I recently purchased an electric car, the Tesla Model 3. While swerving down a particularly rutted highway in New York, the economist in me began to wonder, what will happen to the roads as fewer and fewer cars run on gasoline? Who will pay to fix the streets?
Will toll roads become universal to bridge the funding gap?
(Score: 2) by Pino P on Tuesday February 26 2019, @03:31PM (3 children)
Would owners of cars manufactured before the transition be required to buy a tamper-evident GPS unit specifically for this purpose? To what extent would law enforcement be able to subpoena records from this unit in order to put a person of interest at the scene of a crime?
(Score: 2) by Runaway1956 on Tuesday February 26 2019, @05:03PM (2 children)
I thought we were only considering electric vehicles, which don't pay a tax at the gas pump. No need to install this stuff on a gas guzzler, is there? And, I'm pretty sure that all the electrics out there have the capability to do this. All that is required is an update from Musky Man, or whoever sold the vehicle.

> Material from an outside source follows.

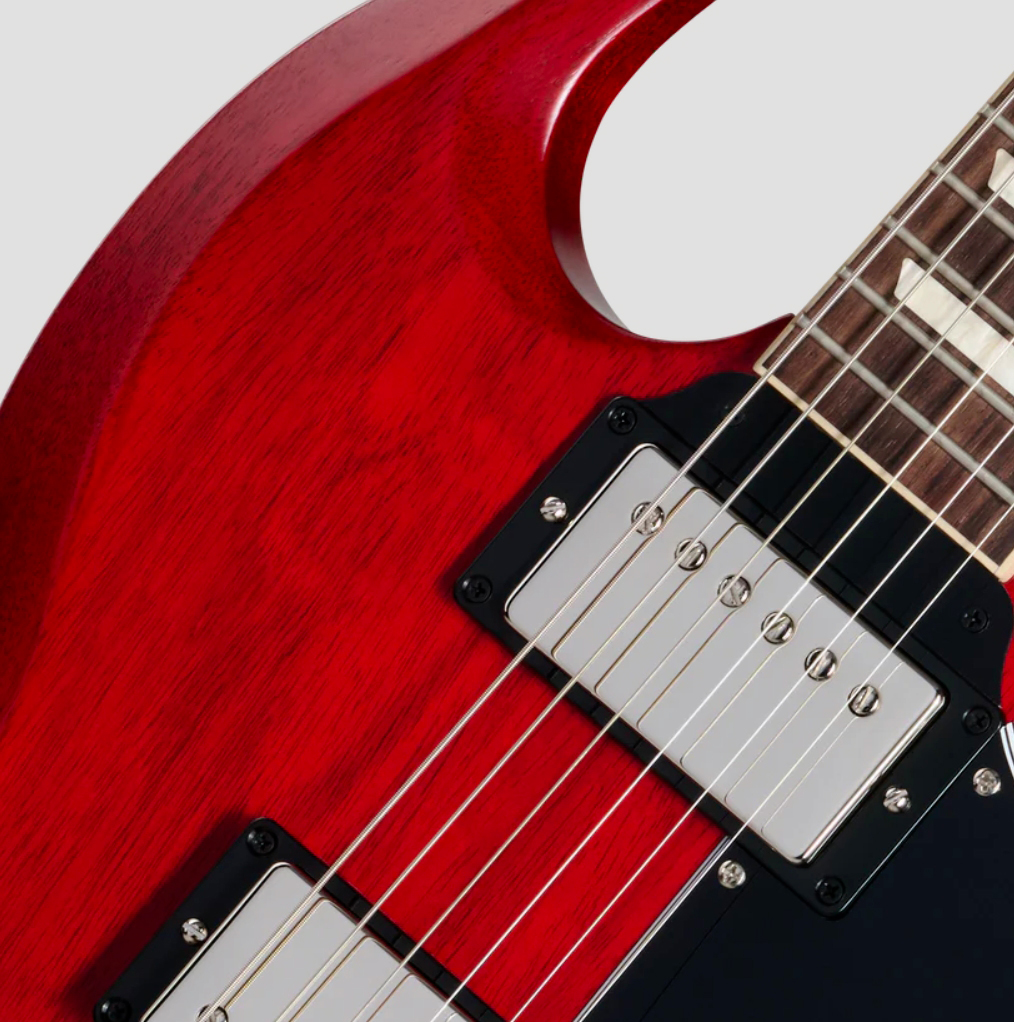 Gibson Sg Standard 1961 Faded W. 57 Classic Underwound Original 2h Ht Rw - Vintage Cherry Satin - Double cut gitaar - Variation 2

(Score: 2) by Pino P on Wednesday February 27 2019, @03:59AM (1 child)
I'm not so sure that an update would be practical for extended-range electric vehicles (also called plug-in hybrids), such as Toyota Prius and Holden/Chevy Volt, or early all-battery EVs that predate wide Tesla availability, such as Nissan Leaf.
(Score: 2) by Runaway1956 on Wednesday February 27 2019, @03:34PM
Fair enough - maybe they can't all be updated. But, the feds can certainly mandate that all new cars have that ability.